Your assignment: The lines from the one holding "Дом 180м², 2-этажный, участок 8 сот." through the end of the records below are to be written out exactly, and nothing else; pictures are to be left out.

(Caption-style text data)
------------------------------------------------------------

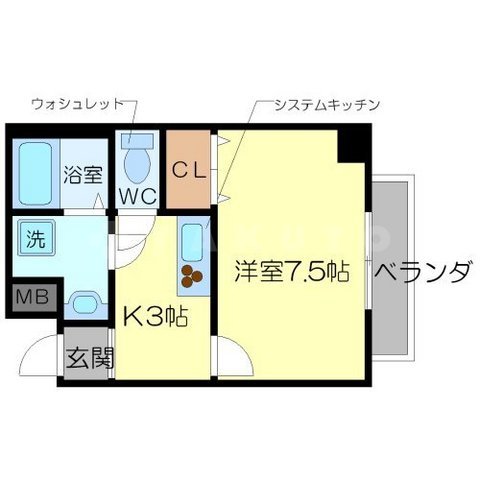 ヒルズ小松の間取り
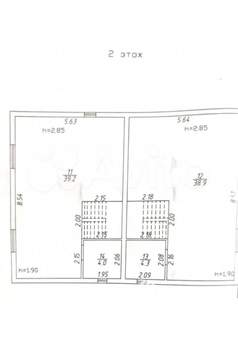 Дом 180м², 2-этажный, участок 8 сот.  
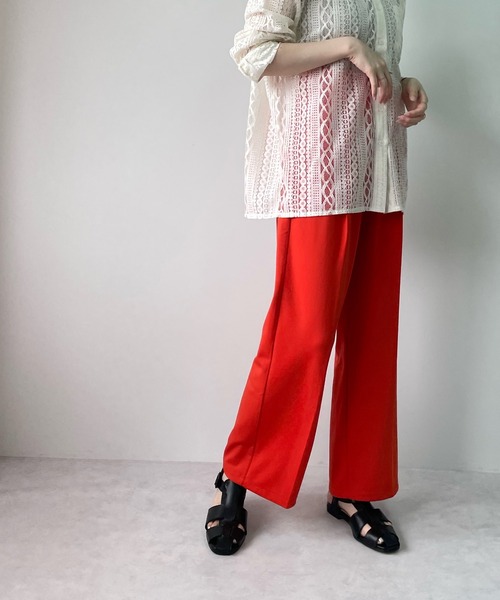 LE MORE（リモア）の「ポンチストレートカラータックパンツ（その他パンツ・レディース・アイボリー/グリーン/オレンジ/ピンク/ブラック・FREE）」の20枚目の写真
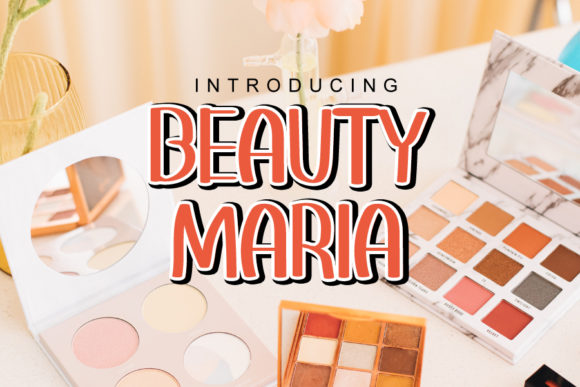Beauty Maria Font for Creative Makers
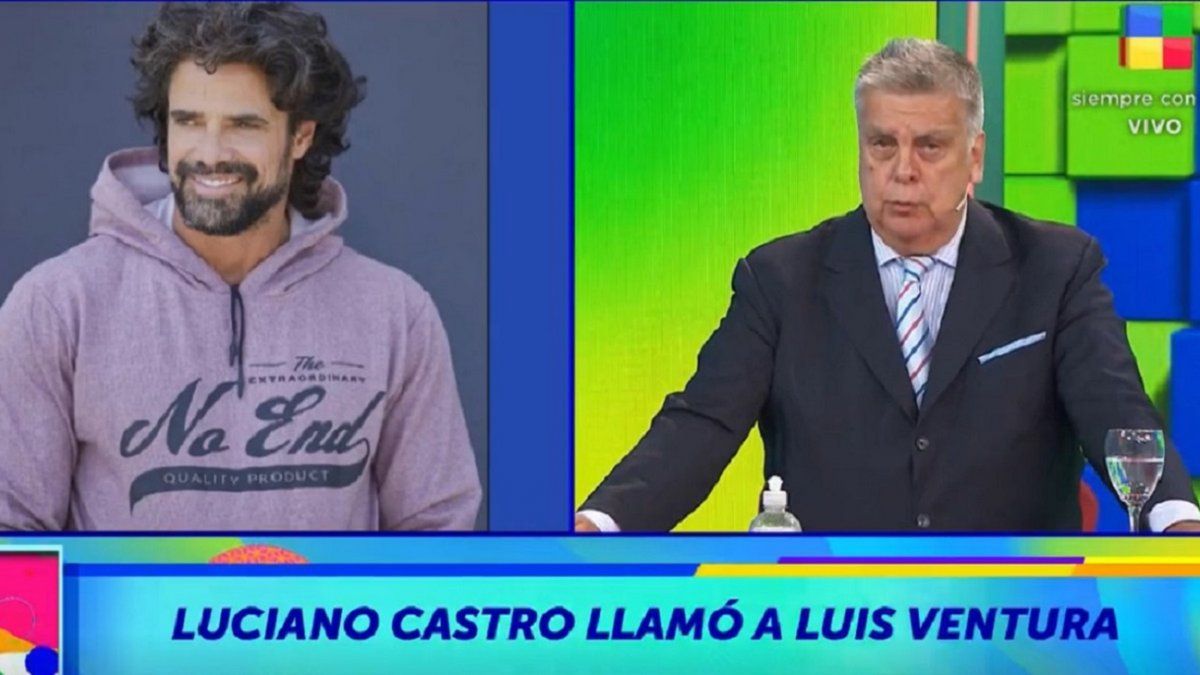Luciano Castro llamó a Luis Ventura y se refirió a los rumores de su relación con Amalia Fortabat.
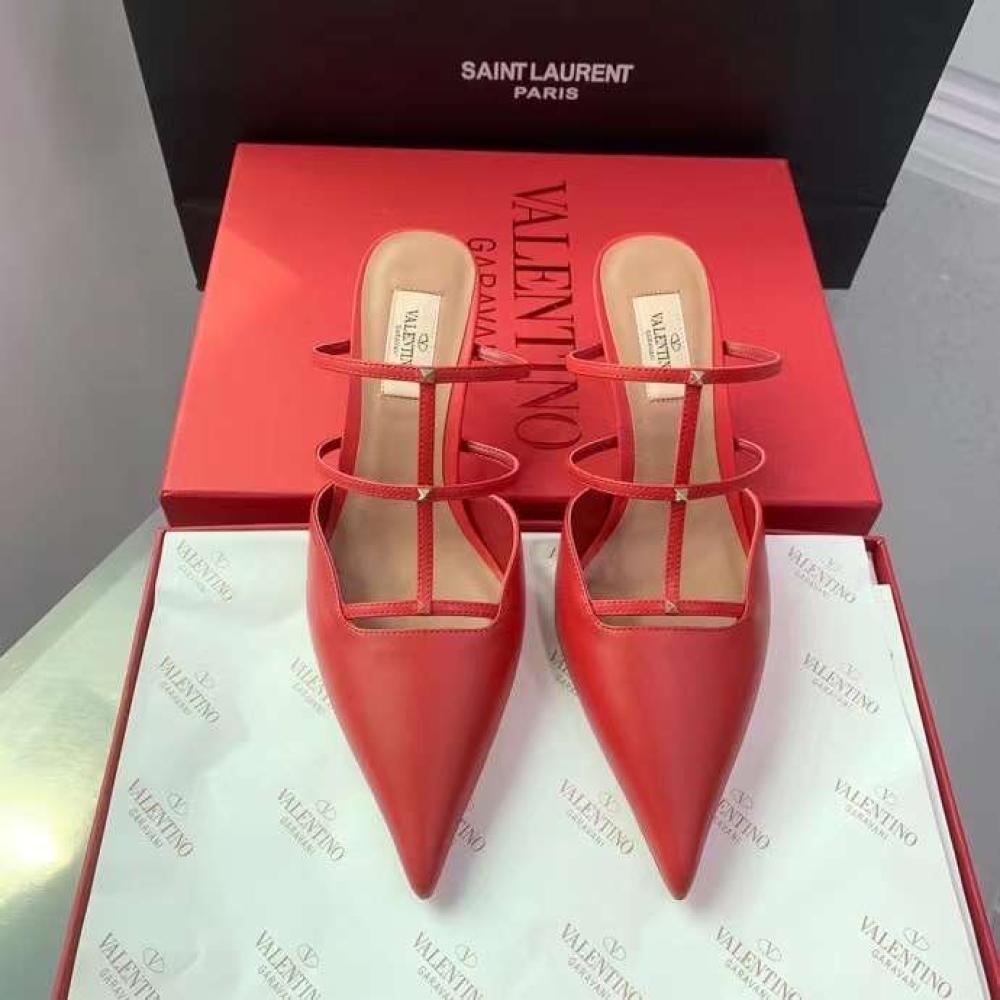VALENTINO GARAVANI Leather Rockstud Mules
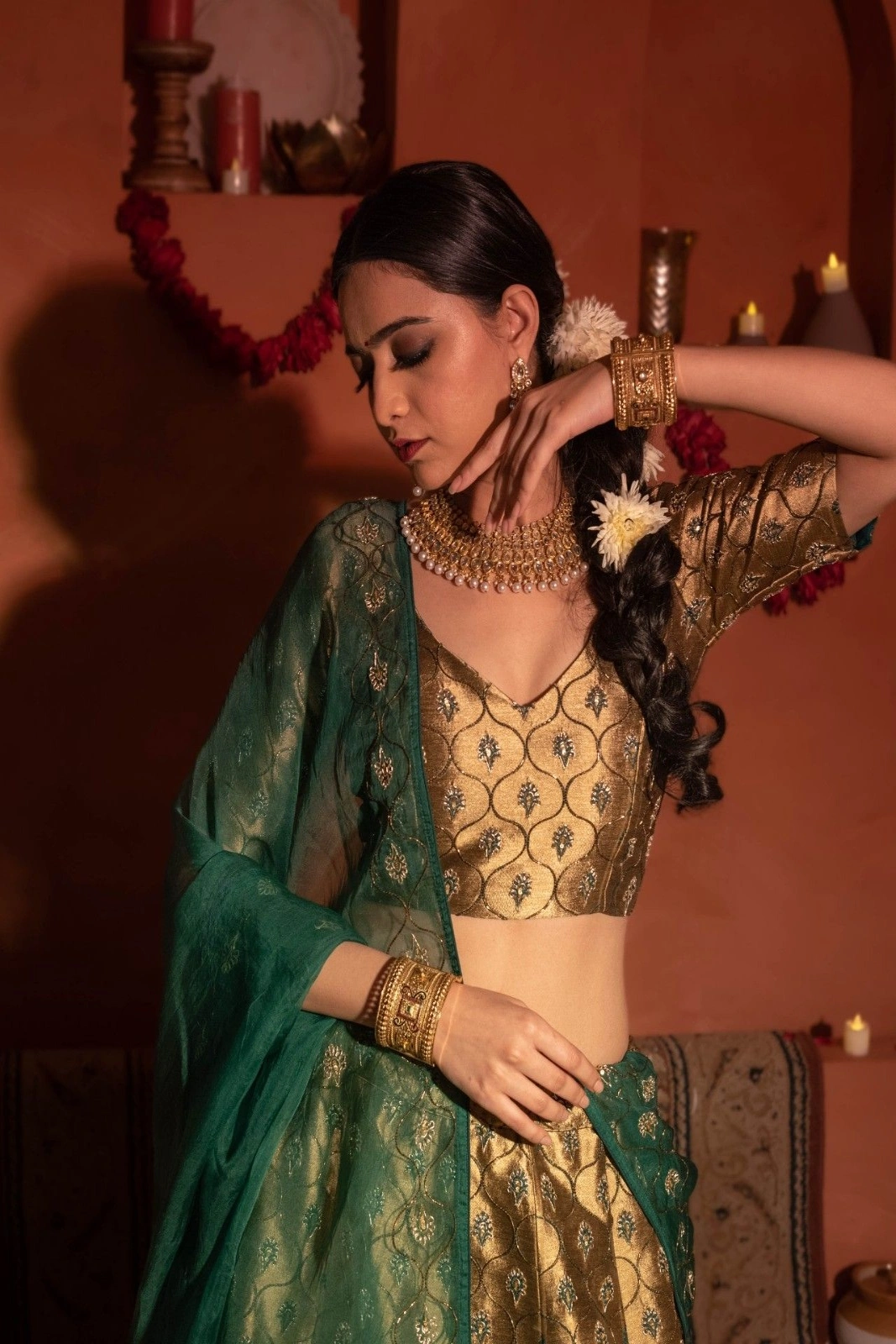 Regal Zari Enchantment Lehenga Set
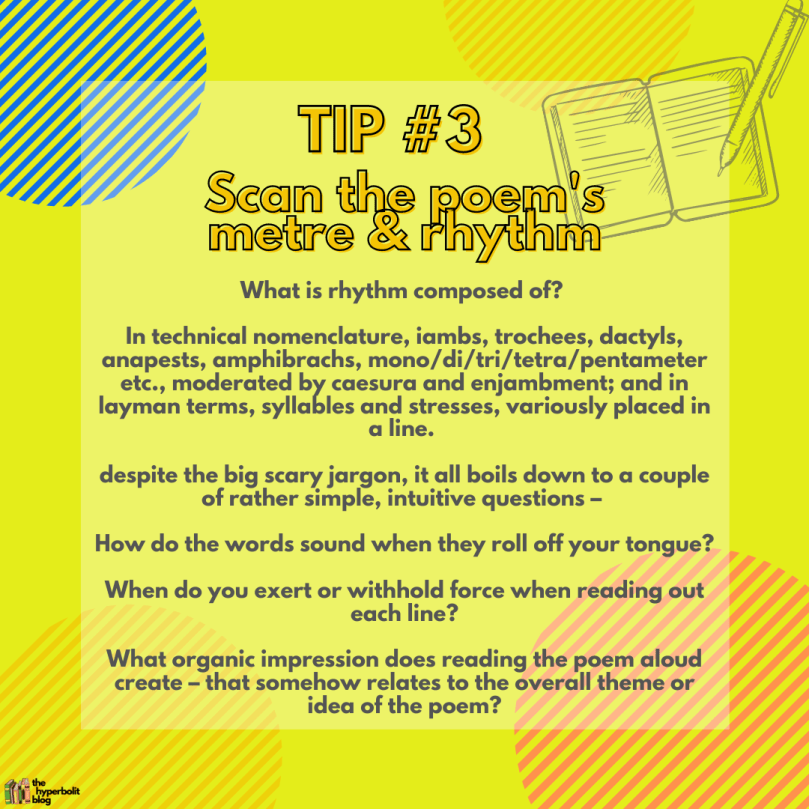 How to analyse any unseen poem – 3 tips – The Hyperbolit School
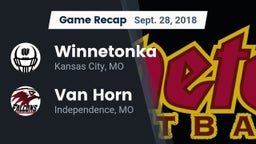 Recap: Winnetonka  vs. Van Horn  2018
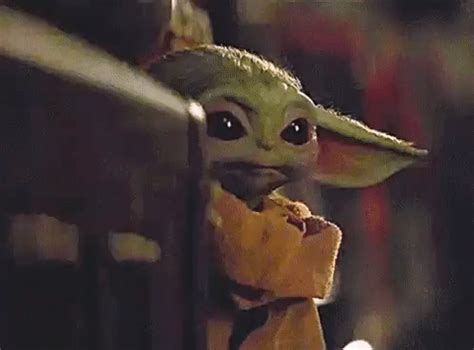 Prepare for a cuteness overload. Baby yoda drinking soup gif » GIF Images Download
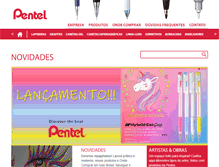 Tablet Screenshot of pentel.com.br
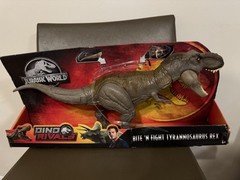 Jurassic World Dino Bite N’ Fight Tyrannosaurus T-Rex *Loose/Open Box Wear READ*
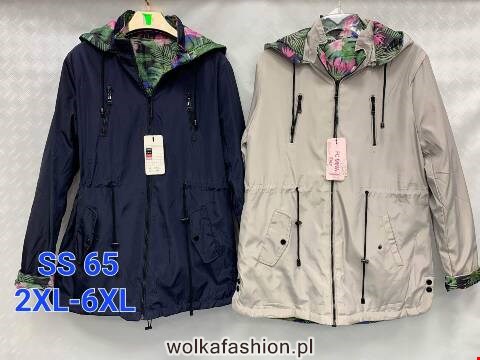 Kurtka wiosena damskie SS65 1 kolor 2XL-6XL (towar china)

------------------------------------------------------------

Written solution:
 Дом 180м², 2-этажный, участок 8 сот.  
 LE MORE（リモア）の「ポンチストレートカラータックパンツ（その他パンツ・レディース・アイボリー/グリーン/オレンジ/ピンク/ブラック・FREE）」の20枚目の写真
Beauty Maria Font for Creative Makers
Luciano Castro llamó a Luis Ventura y se refirió a los rumores de su relación con Amalia Fortabat.
VALENTINO GARAVANI Leather Rockstud Mules
 Regal Zari Enchantment Lehenga Set
 How to analyse any unseen poem – 3 tips – The Hyperbolit School
 Recap: Winnetonka  vs. Van Horn  2018
 Prepare for a cuteness overload. Baby yoda drinking soup gif » GIF Images Download
 Tablet Screenshot of pentel.com.br
 Jurassic World Dino Bite N’ Fight Tyrannosaurus T-Rex *Loose/Open Box Wear READ*
 Kurtka wiosena damskie SS65 1 kolor 2XL-6XL (towar china)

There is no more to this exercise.